Protocol V, Right of Way, Call Management and Etiquette on the Call Channel
Emergency Traffic: per FCC rules (and good sense), emergency radio traffic is always first priority and always has right of way over everything else. Remember, emergency traffic ONLY pertains to danger to life and major property. If you wouldn’t call 911 with it, don’t imagine that it is an emergency worthy of giving you priority over someone’s real emergency.
Where there are multiple emergency calls, the network manager (whoever has taken charge of taking check-ins, etc.) must figure out how to triage the calls. This is a tough situation, and the network manager will need your support, even if you feel that your emergency is worse than the other guy’s. Just make sure that when you report it, you are clear on the danger to you, so that a good determination can be made.
Amateur Radio has been doing this for a long time. We do well to learn from it. In Amateur emergency nets, there are three other levels of message beyond emergency: priority traffic (net administration), Health & Welfare (“I may not be there, honey, but I’m ok. At Joe’s.”), and Routine (just chatter). Once emergency traffic is done, then administrative (verifications, etc.), then Health and Welfare, then just whatever.
You can imagine that getting this all down will take practice. Yes it will. And a measure of dedication. This is why it wasn’t advocated to go out and buy all the radio you can (whether you are licensed for it or not), and keep it in mothballs until an emergency.
The network manager is essentially whoever on the network is able to do it. If five callers are in emergency status, and one is doing ok, guess who is elected! A community will do well to cultivate several trained net managers, but they might all be the ones incapacitated. Thus, everyone who anticipates participating in the emergency net needs to prepare mentally to handle it, and it is preferable if they drill for it.

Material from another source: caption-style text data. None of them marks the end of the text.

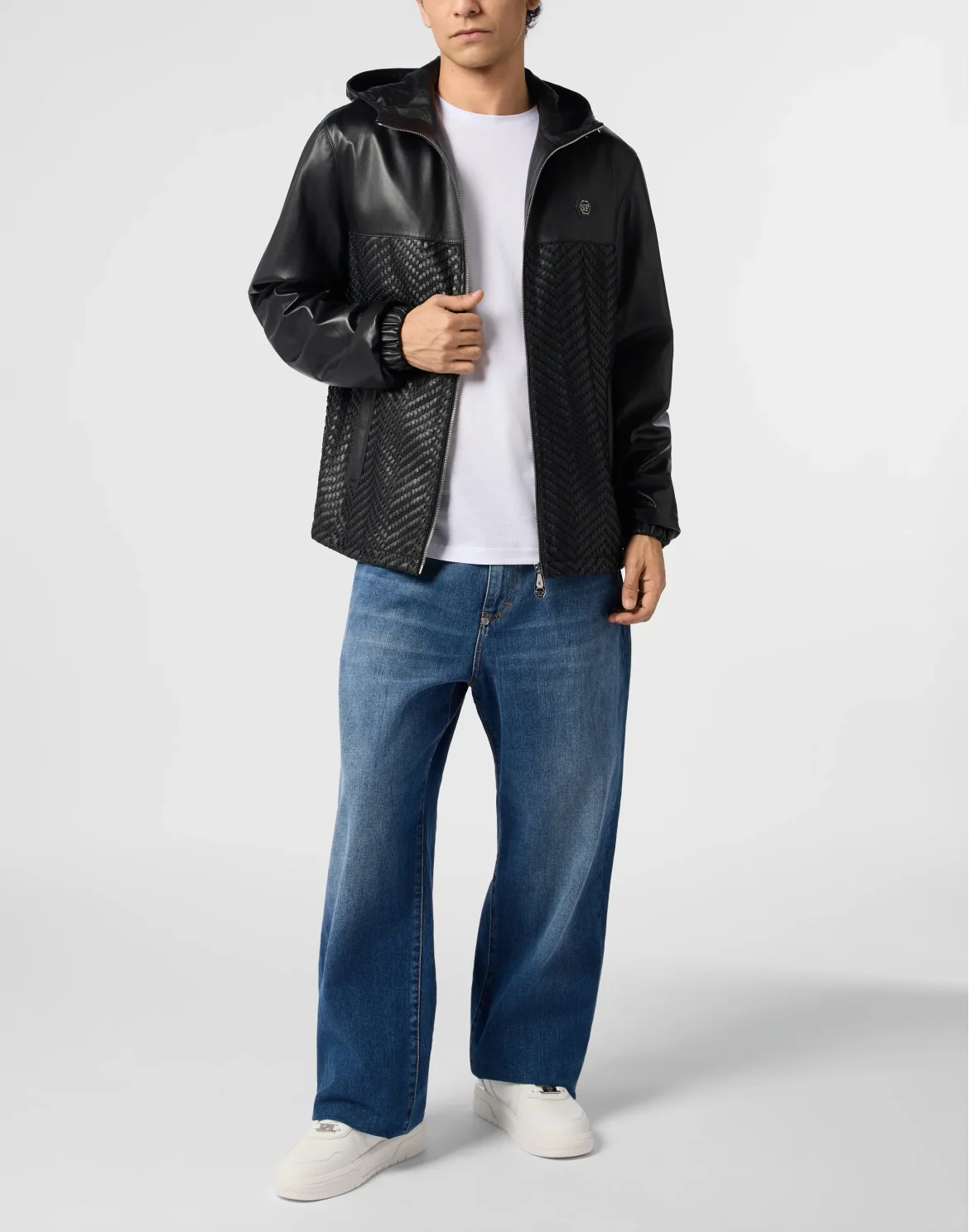 Leather Jacket Weaved Inserts, цвет: Черный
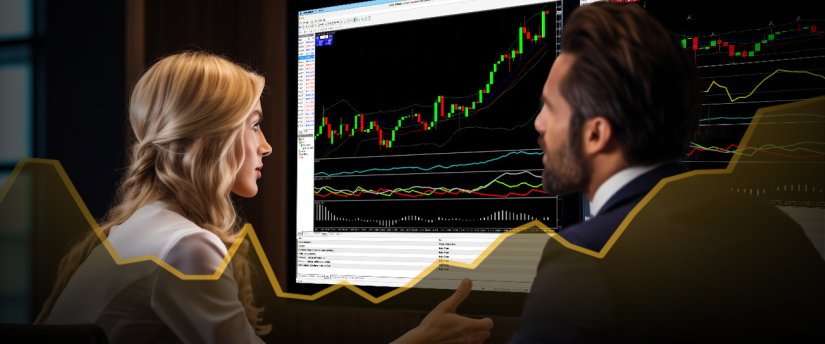 Two people observing a screen that shows a graph with an upward trend line, symbolizing increasing performance.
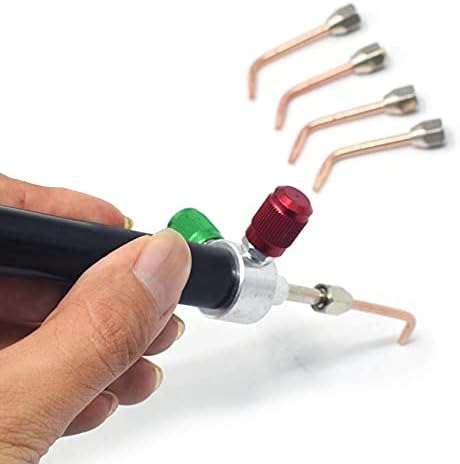 Mini Oxygen Torch Kit, Micro Oxygen Acetylene/Butane Gas Welding Torch with 5pc Tips for Jewelry Repair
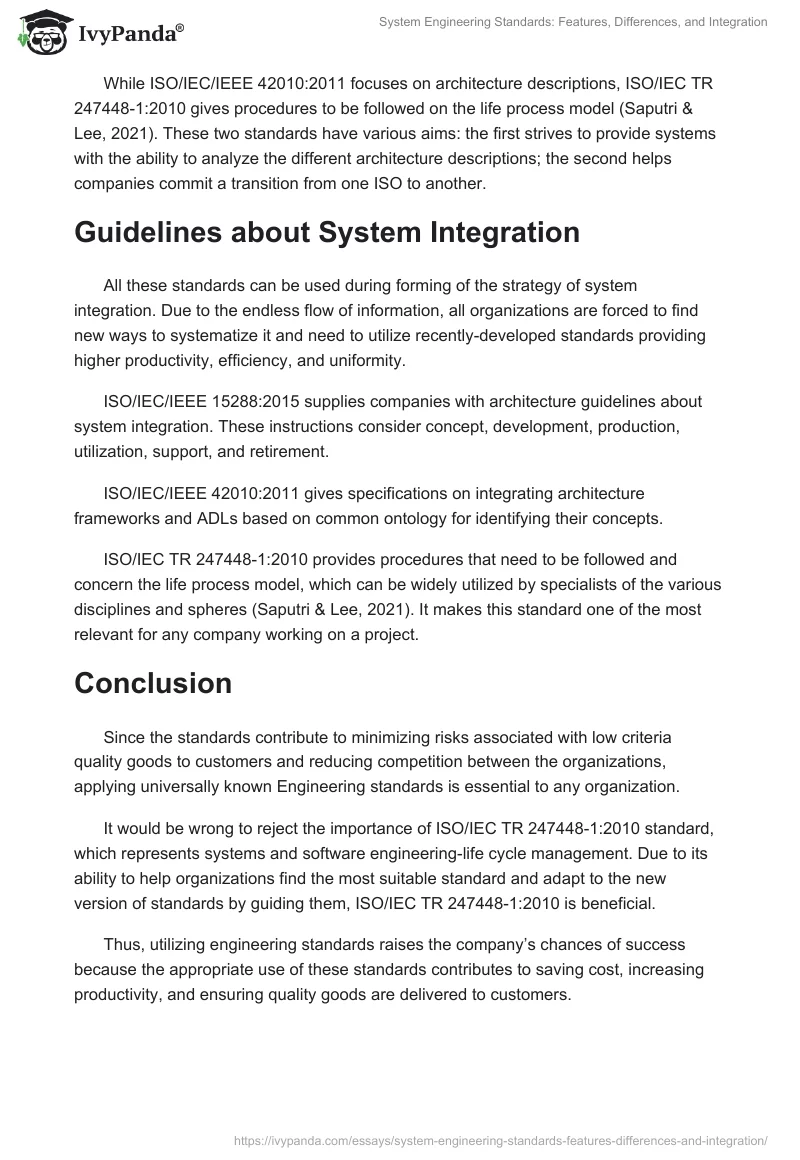 System Engineering Standards: Features, Differences, and Integration. Page 2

Another aspect of this protocol is the specific handling of messages, how to take them so that they arrive accurate. Once again, Ham Radio has been doing it for years. Called radiograms, this will be handled in another article.
PROTOCOL VI, Communications outside the community
In a cataclysmic emergency, first responders may not be able to act, or may be so tied up elsewhere that your community is more or less ignored. This may be necessary, per their own protocols, but it may be that they don’t know that you need help.
Further, in a few disasters I’ve seen and experienced, news of conditions is often delayed. If you can speed up the response of other responders, whether other cities, other counties, the state or the Feds, you have served a fine purpose. If you can notify a busy emergency transport department of a need for an airlift, you may save a neighbor’s life, that of a friend, family member or just someone.
What this requires is a way to communicate outside your area. Really, the only viable option is Ham Radio. In my community, since we discussed this, there are three new Hams. Another is studying to take the test. I’ve spoken to three others who express that it could be a possibility. Hey, I did it; it obviously doesn’t require a rocket scientist’s brain!